╭─ Input data

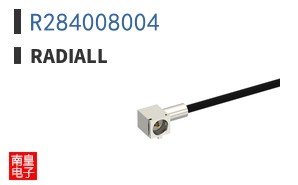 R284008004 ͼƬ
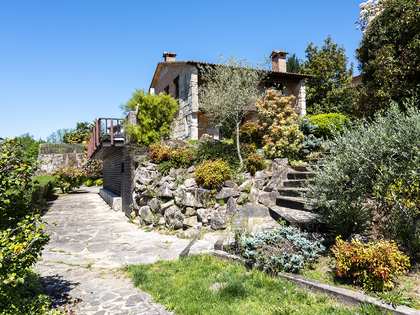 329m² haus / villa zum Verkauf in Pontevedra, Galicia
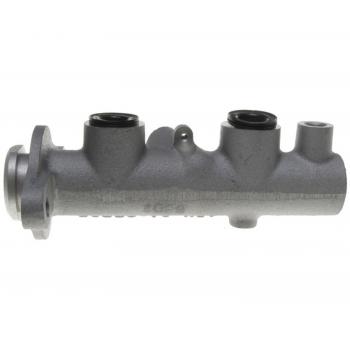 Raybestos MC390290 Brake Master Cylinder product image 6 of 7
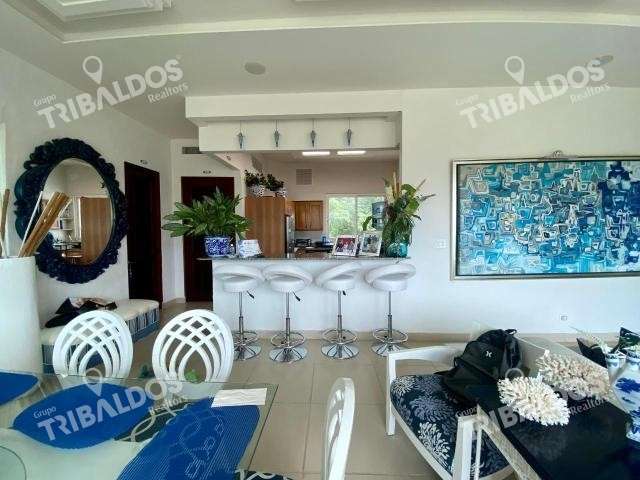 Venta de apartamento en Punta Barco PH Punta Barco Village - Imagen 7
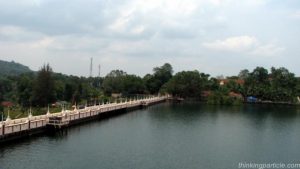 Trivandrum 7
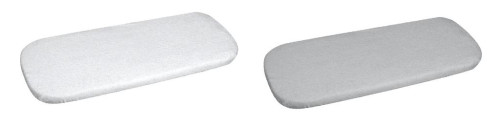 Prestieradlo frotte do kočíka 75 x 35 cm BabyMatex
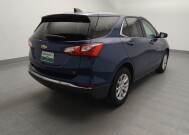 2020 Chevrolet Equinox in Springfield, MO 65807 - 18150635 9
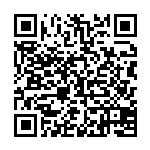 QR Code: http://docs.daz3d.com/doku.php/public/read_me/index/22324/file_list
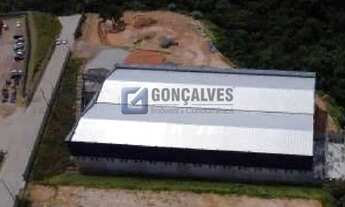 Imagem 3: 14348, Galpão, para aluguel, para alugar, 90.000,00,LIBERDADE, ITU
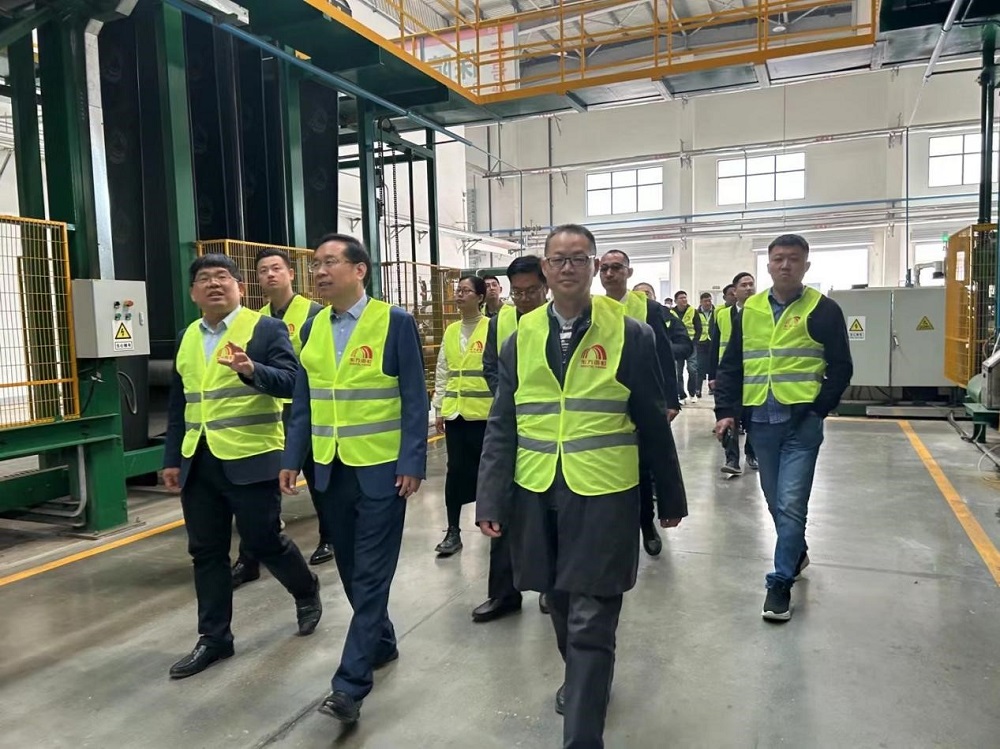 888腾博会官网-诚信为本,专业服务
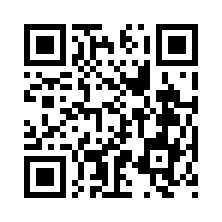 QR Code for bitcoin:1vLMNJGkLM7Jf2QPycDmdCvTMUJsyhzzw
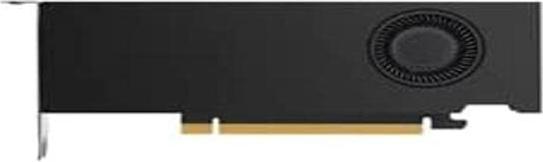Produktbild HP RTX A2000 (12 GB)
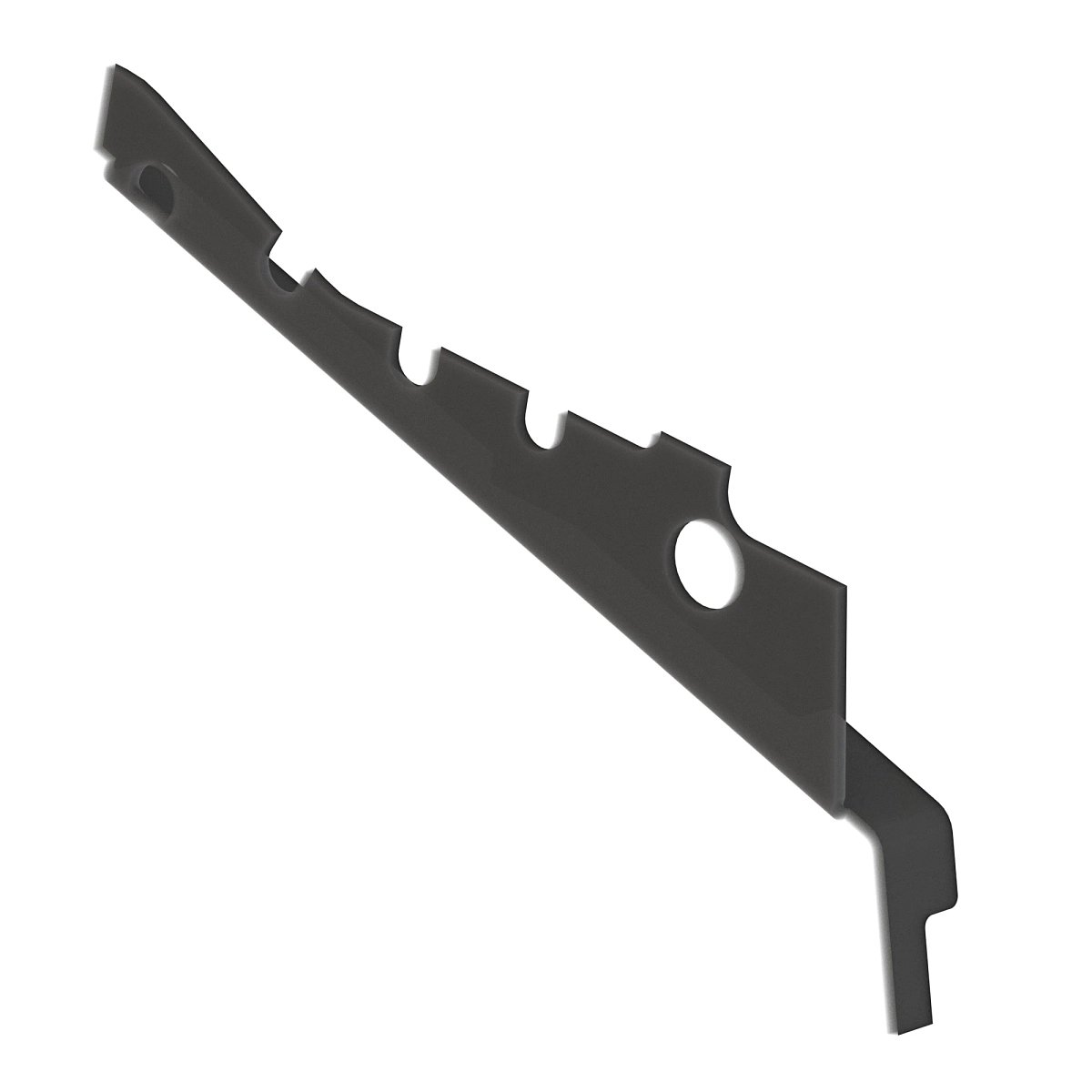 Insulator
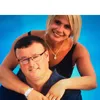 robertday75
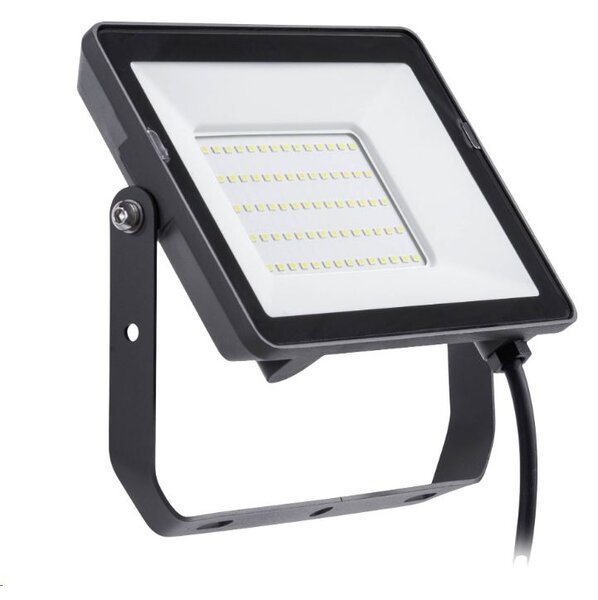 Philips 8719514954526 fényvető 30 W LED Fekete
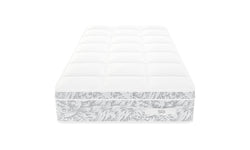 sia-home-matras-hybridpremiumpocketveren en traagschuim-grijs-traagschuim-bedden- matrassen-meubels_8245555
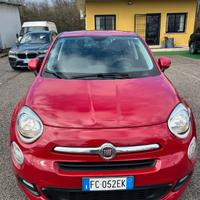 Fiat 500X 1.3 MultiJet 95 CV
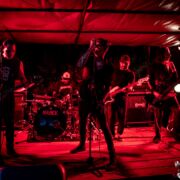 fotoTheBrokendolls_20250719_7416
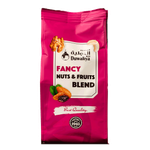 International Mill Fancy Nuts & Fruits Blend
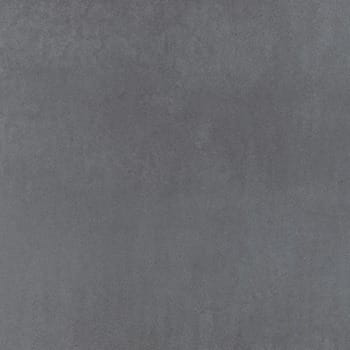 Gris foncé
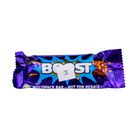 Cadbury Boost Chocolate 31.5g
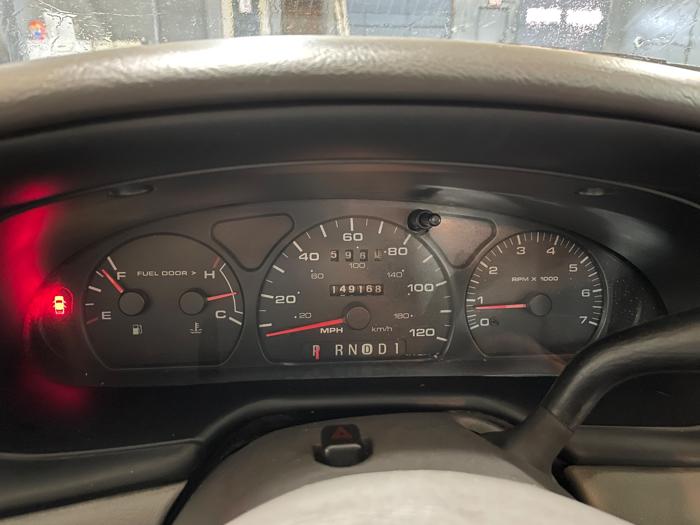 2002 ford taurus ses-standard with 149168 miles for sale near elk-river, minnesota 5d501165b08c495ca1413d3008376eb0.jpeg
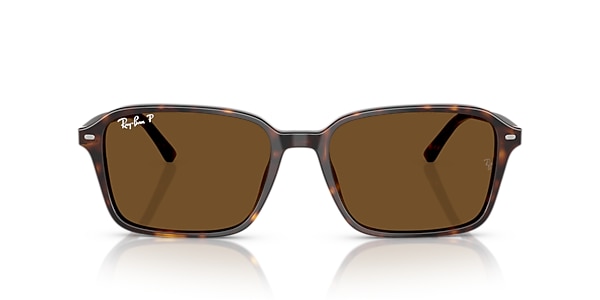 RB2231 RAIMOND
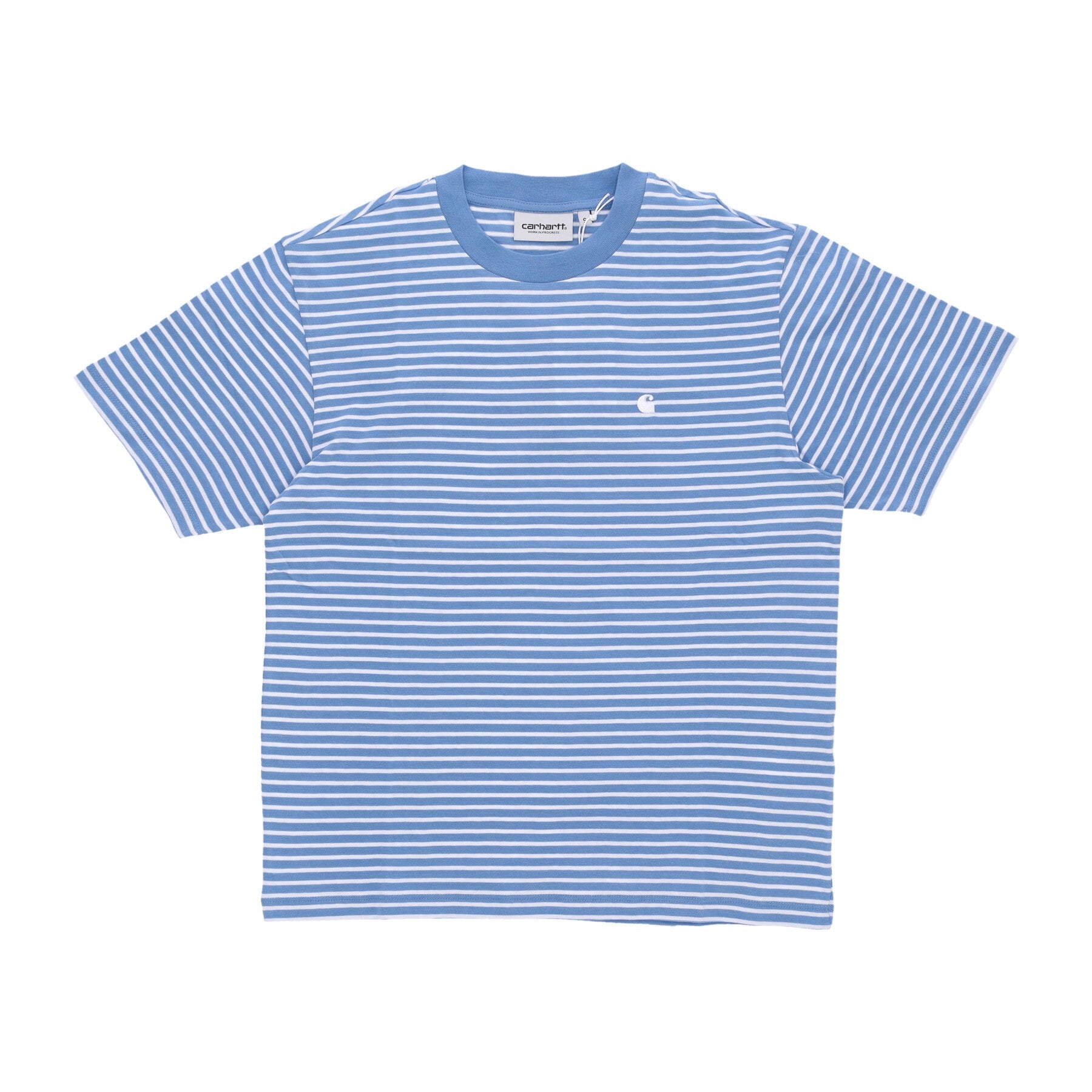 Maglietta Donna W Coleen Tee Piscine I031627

╰─

> **Brief**
Pictures are to be left out, and each line from the one that contains "Produktbild HP RTX A2000 (12 GB)" through the end of the listing is to be copied exactly.

> **Answer section**
Produktbild HP RTX A2000 (12 GB)
 Insulator
 robertday75
 Philips 8719514954526 fényvető 30 W LED Fekete
 sia-home-matras-hybridpremiumpocketveren en traagschuim-grijs-traagschuim-bedden- matrassen-meubels_8245555
 Fiat 500X 1.3 MultiJet 95 CV
 fotoTheBrokendolls_20250719_7416
 International Mill Fancy Nuts & Fruits Blend
 Gris foncé
 Cadbury Boost Chocolate 31.5g
 2002 ford taurus ses-standard with 149168 miles for sale near elk-river, minnesota 5d501165b08c495ca1413d3008376eb0.jpeg
 RB2231 RAIMOND
 Maglietta Donna W Coleen Tee Piscine I031627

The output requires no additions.